Your goal: Copy, word for word, the lines below from the one containing "А. Саврасов. Старый" up to and including the one containing "Superman - Wartorn", with pictures left out.
[[ Data for processing open ]]
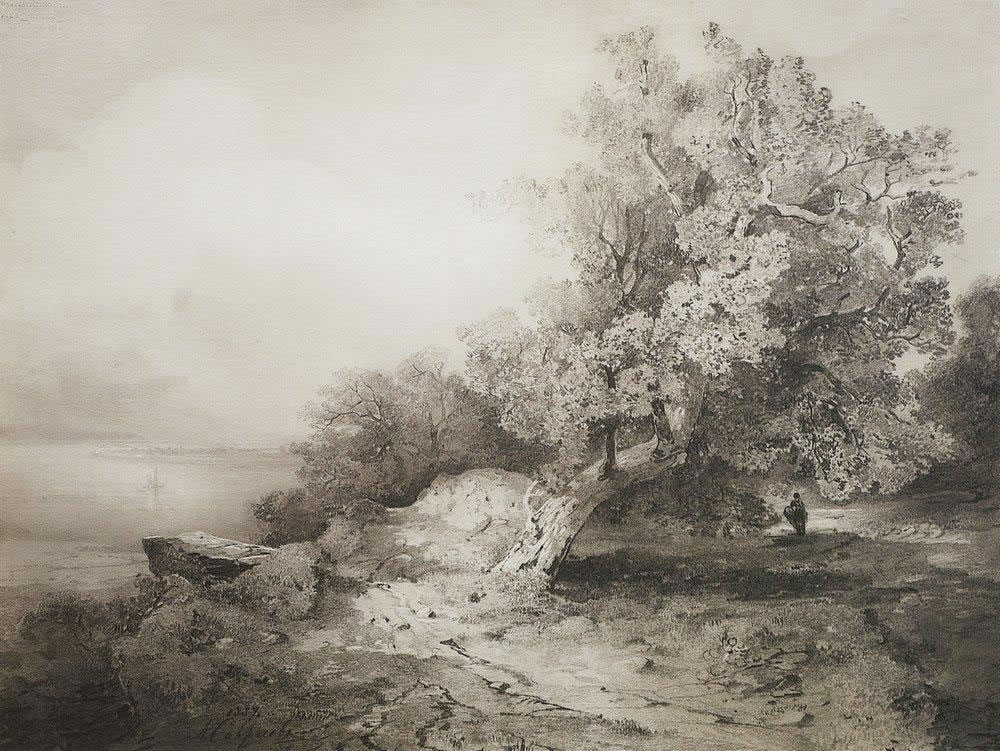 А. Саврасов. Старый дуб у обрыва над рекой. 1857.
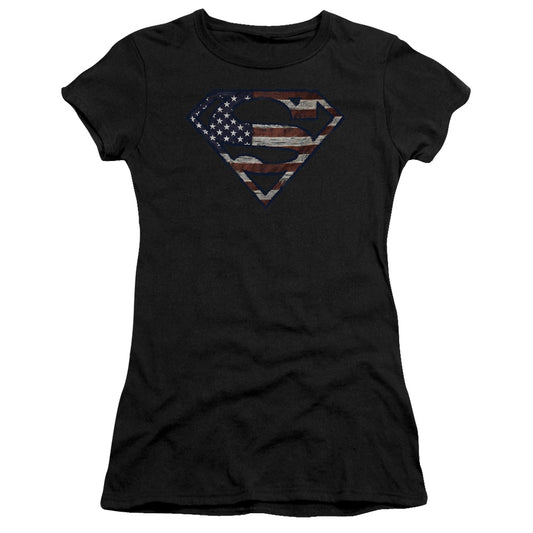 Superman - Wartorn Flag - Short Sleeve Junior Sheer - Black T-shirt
[[ Data for processing closed ]]
[[ Data for processing open ]]
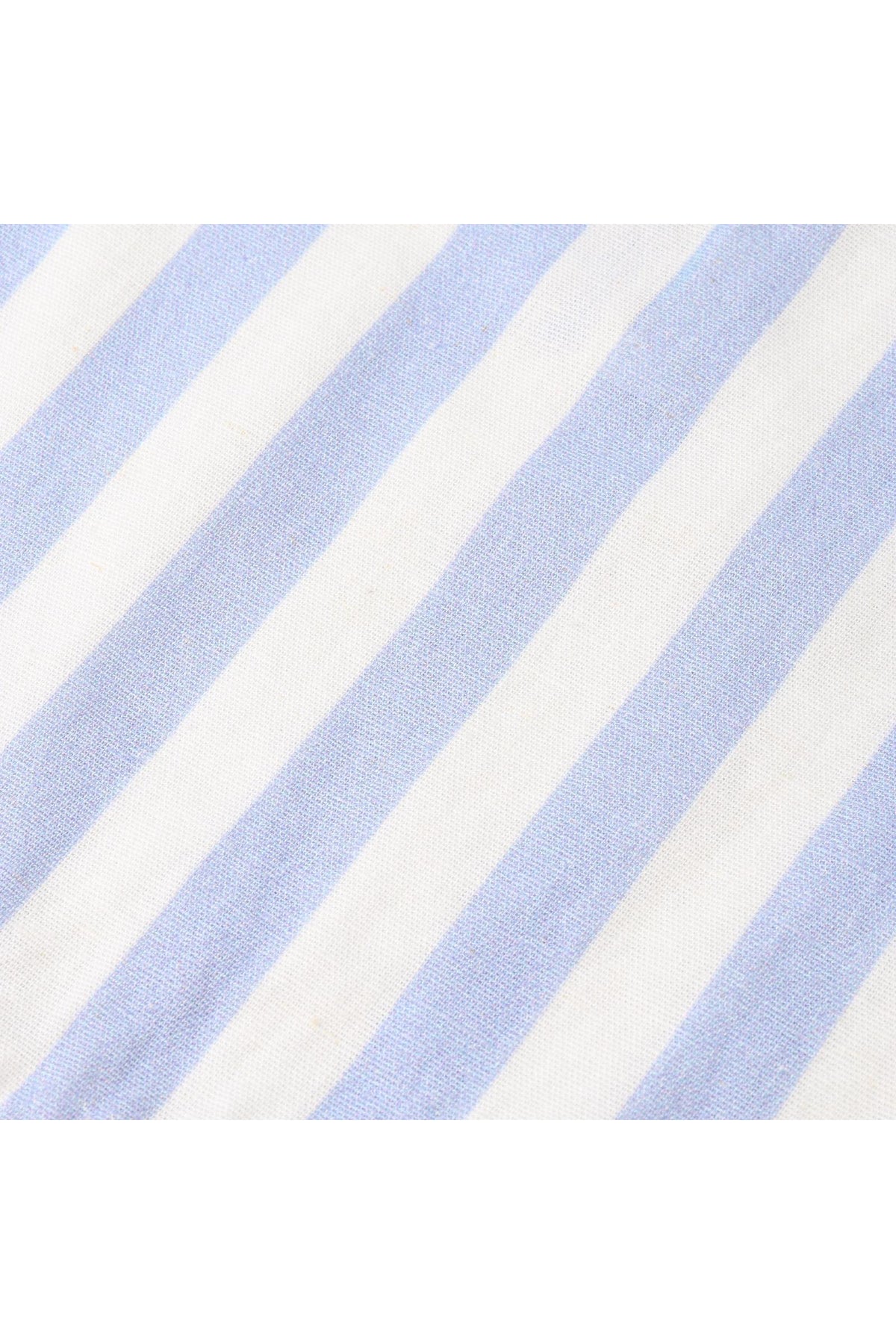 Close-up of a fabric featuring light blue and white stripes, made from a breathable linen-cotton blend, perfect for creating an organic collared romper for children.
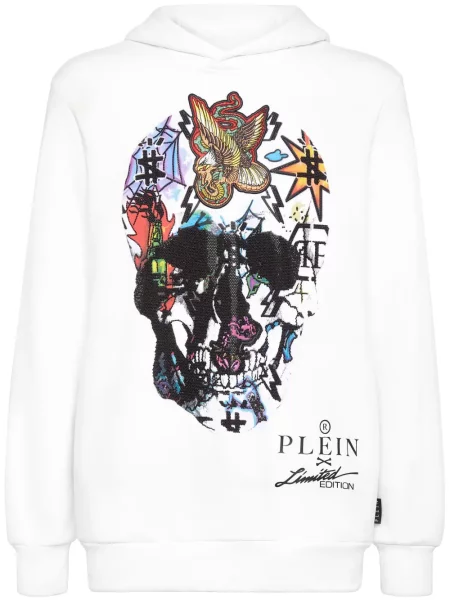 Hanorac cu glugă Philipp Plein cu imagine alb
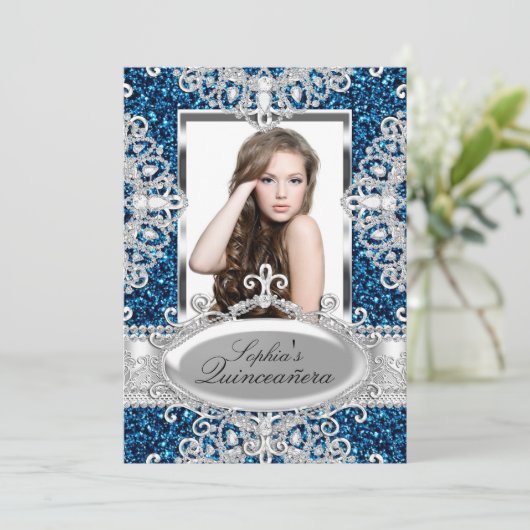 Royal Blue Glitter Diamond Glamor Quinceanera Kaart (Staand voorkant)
[[ Data for processing closed ]]
Task answer:
 А. Саврасов. Старый дуб у обрыва над рекой. 1857.
 Superman - Wartorn Flag - Short Sleeve Junior Sheer - Black T-shirt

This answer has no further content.